Every Tuesday, Richard Lay gets into his car and drives to Good Shepherd Church in Park Forest.
A volunteer for the Meals on Wheels program run by Rich Township, Lay picks up food at the church and delivers it to clients in Park Forest, Richton Park and Matteson.
“For many of the people, it is their only hot meal of the day,” he says. “They can’t get out of their homes, they can’t cook, so at the end of the delivery I feel good.”
Lay says he feels privileged to help people who may not be able to get around because of their age or health. “I am fortunate that my health allows me to help them and the community,” he says.

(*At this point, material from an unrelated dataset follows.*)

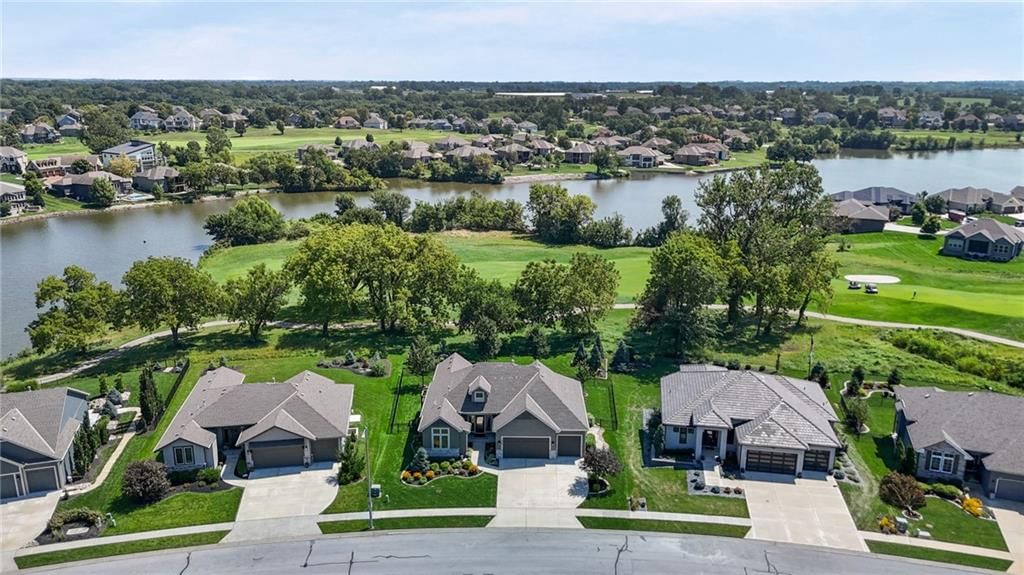 Photo 54 of 69 - 4461 Lakeview Terrace, Basehor, KS 66007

The program, which was started in 1981, is designed to help senior citizens stay in their homes and out of nursing homes by delivering a hot-and-cold meal to them every day. Residents must be 60 or older or disabled to qualify for the program.
“It helps keep them as independent as possible,” says Sally Jurgensen, senior director at Rich Township. An estimated 30 people, most of whom are age 70 to 80, use the program, and there are 15 volunteer drivers.
“On an average day, I deliver meals to eight or 10 people,” says Lay, who has been volunteering with the program for 11 months. “The majority have special diets-low-sugar or low-salt. And everyone is always glad to see me. You can see sometimes that they are not well by the look on their faces, but they still greet you with a smile. That’s a reward in itself.”
Lay makes it a point to greet the clients and ask about their health, but he tries not to go into their homes because he doesn’t want to invade their privacy.
One exception was a client who was blind. Lay had been told to ring the doorbell, knock on the door and then go into the house. One day when he went in, he found the woman on the floor. “She had gotten out of bed to go to the couch and had fallen down,” Lay remembers. He helped her up and back to bed and then told the township office of the incident. “I opened up her meal, told her where the meat and the vegetables were, peeled the fruit,” he says.
The memory of the incident still lingers. He says it made him realize that people rely on his service. “I was actually able to help her, so I feel what I’m doing is worthwhile,” he says. He helped the client on two more occasions until her family finally made other arrangements to care for her.
“He cares about people and helps cheer them up,” Jurgensen says of Lay. “A lot of the people see only our volunteer, so it is very important they see a bright, smiling face. It is not just the meal but the contact that is important as well.”
Lay, 67, was born in Chicago and graduated in 1943 from Hirsch High School on the South Side. He was the youngest of seven children. By the time he graduated high school, four of his siblings were in the armed forces, and he decided to join the Navy. “I was overseas in the invasion of Okinawa,” he says. “We came back (to the U.S.) to repair our ship and a little while later the war ended.”
He came back to his family in Chicago in 1946 and a few months later married his high school sweetheart, Gloria. The couple have been married 48 years and have four children and seven grandchildren.
That year, Lay also joined a local utility company and worked there for 42 years, retiring in 1988. “I enjoyed it,” he says. His job, repairing high-voltage equipment, frequently required working on weekends and at night. “That was hard on the family,” he says.
The family moved to Matteson in 1949.
For the first few years of his retirement, Lay spent time with his children, all of whom live within driving distance. “I helped my kids fix up their homes,” he says. “There was always something that needed to be done.” The couple also traveled to Arizona, Florida and Nevada. “My wife and I like to square dance, so we went down to Texas a few times,” he says.
Lay was looking for something to do when his wife, who works part time at the township office, told him that the Meals on Wheels program was looking for volunteer drivers.
“I thought, `This is something I can do,’ ” Lay says. “It doesn’t involve a lot of time and you meet a lot of nice people. It could happen that sometime in the future I will need a service like this.”